Primeiro passei três meses trabalhando na temporada de Macbeth onde
pude observar a rotina de apresentações da trupe francesa, passear pelos
camarins e ajudar na mise en place; um ano depois fui encontrar o Soleil
na Índia, primeiro como participante da École Nomade e depois como testemunha
dos primeiros passos da nova criação; por fim, fui reencontrar o Théâtre du
Soleil na França ainda em processo de criação, passando por altos e baixos. Foi
realmente uma grande aventura e saio dela diferente de quando tudo começou.
Essa última semana
foi repleta de despedidas como vocês devem imaginar. Mas, não do jeito que
vocês imaginam. Enquanto eu já estava em ritmo de partida, o Soleil estava a
pleno vapor.
O início da semana
foi marcada pela chegada do Odin Teatret que vai realizar uma série de
atividades na Cartoucherie no mês de março. Os atores do Soleil ficaram
excitados com os novos companheiros de almoço que, acredito eu, talvez
estivessem igualmente empolgados. Eugênio Barba e Ariane Mnouchkine, além de
grandes encenadores também são grandes amigos. Ambos resistem há 52 anos com
seus respectivos grupos e fazeres teatrais.
Apesar de muito
amigável, a visita dos parceiros do norte causaram muitas reviravoltas na
rotina dos "franceses". Algumas manhãs de treino foram presenciadas
por membros do Odin, como o próprio Eugênio Barba, o que causou certo desconforto
entre os atores. Um dos galpões do Soleil foi adaptado para ser ocupado pelo
grupo dinamarquês, fazendo com que ambas as trupes tivessem que se adaptar para
co-habitarem o mesmo espaço.
Aqui é preciso uma
pequena explicação. O Théâtre du Soleil possui dois grandes espaços: os galpões
principais compostos pelo bar, cozinha, ateliê dos técnicos, palco e camarins;
e um outro galpão onde fica a sala de costura, os figurinos e a sala de
ensaios. Até esse momento, todos os ensaios aconteciam nessa sala de ensaios.

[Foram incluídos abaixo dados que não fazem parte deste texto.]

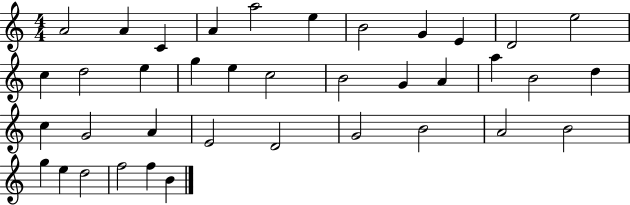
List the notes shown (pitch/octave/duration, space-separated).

A4/h A4/q C4/q A4/q A5/h E5/q B4/h G4/q E4/q D4/h E5/h C5/q D5/h E5/q G5/q E5/q C5/h B4/h G4/q A4/q A5/q B4/h D5/q C5/q G4/h A4/q E4/h D4/h G4/h B4/h A4/h B4/h G5/q E5/q D5/h F5/h F5/q B4/q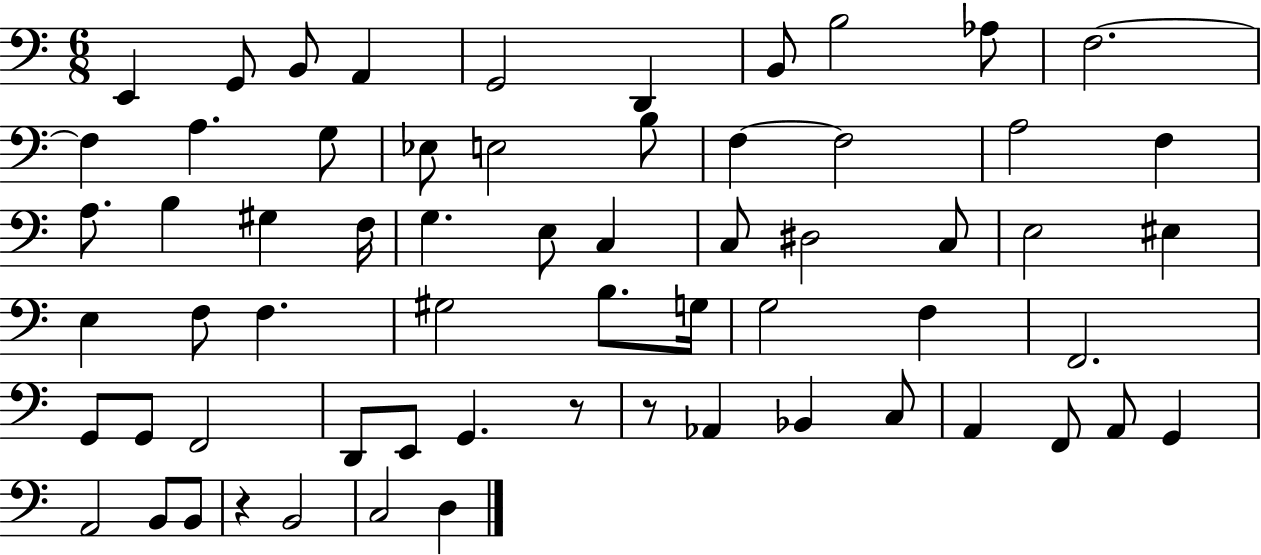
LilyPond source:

{
  \clef bass
  \numericTimeSignature
  \time 6/8
  \key c \major
  e,4 g,8 b,8 a,4 | g,2 d,4 | b,8 b2 aes8 | f2.~~ | \break f4 a4. g8 | ees8 e2 b8 | f4~~ f2 | a2 f4 | \break a8. b4 gis4 f16 | g4. e8 c4 | c8 dis2 c8 | e2 eis4 | \break e4 f8 f4. | gis2 b8. g16 | g2 f4 | f,2. | \break g,8 g,8 f,2 | d,8 e,8 g,4. r8 | r8 aes,4 bes,4 c8 | a,4 f,8 a,8 g,4 | \break a,2 b,8 b,8 | r4 b,2 | c2 d4 | \bar "|."
}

Menor que o palco, a sala de ensaios possui um pequeno espaço de camarins e uma
pequena arquibancada que comporta basicamente Ariane Mnouchkine e atores. Ao
lado da sala de ensaios fica a sala de costura onde as figurinistas trabalham e
onde os atores garimpam as vestimentas de seus personagens.
Pois bem, justamente
nesta semana, a trupe fez a transição da sala de ensaios para o palco, apesar
de não ser ainda uma transição definitiva. Mesmo assim, a passagem de um galpão
a outro é um tanto quanto simbólica. Nesse palco, Ariane Mnouchkine apresentou sua
primeira maquete cenográfica. Os técnicos e os iluminadores puderam colocar em
práticas algumas ideias já previstas para a cena. Os atores puderam vislumbrar
mais concretamente o espaço ficcional.
Foi nessa semana
também que finalizou o período de estágio com o petit bateau. O petit
bateau era um pequeno grupo de atores-aprendizes que estavam em teste para
participar do novo espetáculo do Théâtre du Soleil. Carinhosamente apelidado de
"pequeno barco" - uma alusão à imagem de um navio frequentemente
utilizada por Mnouchkine para descrever o Soleil - esses atores participavam
das improvisações, propunham visões e "concoctavam" com a ajuda de
atores experientes da trupe. Ao final da semana, Mnouchkine decidiu que
infelizmente não era o momento do petit bateau compôr o grand bateau.
Foi no meio de todos
esses eventos que eu vivi um pouco secretamente a minha despedida daqueles
grandes galpões, dos almoços cheios e barulhentos, dos banhos de sol depois do almoço,
dos camarins, dos ateliês, do barulho de serralheria, da imensidão de cores e
tecidos, do silêncio da Cartoucherie, das noites intermináveis dentro da sala
de ensaio... São tantas lembranças que parece que eu vivi uma vida inteira lá
dentro.
Agradeço imensamente
ao Soleil que me abriu as portas sem mesmo me conhecer direito; que me deixou
entrever momentos íntimos, momentos de dor e momentos de alegria; que me deixou
conhecer as alegrias e os desgostos de se fazer teatro em grupo... Desejo que
vocês continuem a resistir mesmo com todas as mudanças de vento.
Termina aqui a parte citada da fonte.